Task:
Copy the listing below in full, exactly.

Supplied material:
========================================================================

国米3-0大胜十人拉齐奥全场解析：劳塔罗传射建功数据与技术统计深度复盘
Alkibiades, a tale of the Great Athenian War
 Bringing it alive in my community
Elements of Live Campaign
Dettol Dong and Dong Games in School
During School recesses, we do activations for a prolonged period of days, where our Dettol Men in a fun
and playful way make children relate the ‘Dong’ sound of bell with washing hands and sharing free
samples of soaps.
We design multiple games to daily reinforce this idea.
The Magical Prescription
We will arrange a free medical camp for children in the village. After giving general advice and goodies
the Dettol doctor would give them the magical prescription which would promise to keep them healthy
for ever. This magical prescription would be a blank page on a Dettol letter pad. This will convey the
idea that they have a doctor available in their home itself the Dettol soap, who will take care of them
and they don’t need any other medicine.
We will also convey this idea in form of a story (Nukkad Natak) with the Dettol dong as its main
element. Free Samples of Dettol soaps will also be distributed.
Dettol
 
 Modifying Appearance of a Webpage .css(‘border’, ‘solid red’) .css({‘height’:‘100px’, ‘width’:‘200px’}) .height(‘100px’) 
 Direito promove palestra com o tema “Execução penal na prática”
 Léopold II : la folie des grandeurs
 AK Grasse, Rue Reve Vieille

========================================================================

Solution for this problem:
国米3-0大胜十人拉齐奥全场解析：劳塔罗传射建功数据与技术统计深度复盘
Alkibiades, a tale of the Great Athenian War
 Bringing it alive in my community
Elements of Live Campaign
Dettol Dong and Dong Games in School
During School recesses, we do activations for a prolonged period of days, where our Dettol Men in a fun
and playful way make children relate the ‘Dong’ sound of bell with washing hands and sharing free
samples of soaps.
We design multiple games to daily reinforce this idea.
The Magical Prescription
We will arrange a free medical camp for children in the village. After giving general advice and goodies
the Dettol doctor would give them the magical prescription which would promise to keep them healthy
for ever. This magical prescription would be a blank page on a Dettol letter pad. This will convey the
idea that they have a doctor available in their home itself the Dettol soap, who will take care of them
and they don’t need any other medicine.
We will also convey this idea in form of a story (Nukkad Natak) with the Dettol dong as its main
element. Free Samples of Dettol soaps will also be distributed.
Dettol
 
 Modifying Appearance of a Webpage .css(‘border’, ‘solid red’) .css({‘height’:‘100px’, ‘width’:‘200px’}) .height(‘100px’) 
 Direito promove palestra com o tema “Execução penal na prática”
 Léopold II : la folie des grandeurs
 AK Grasse, Rue Reve Vieille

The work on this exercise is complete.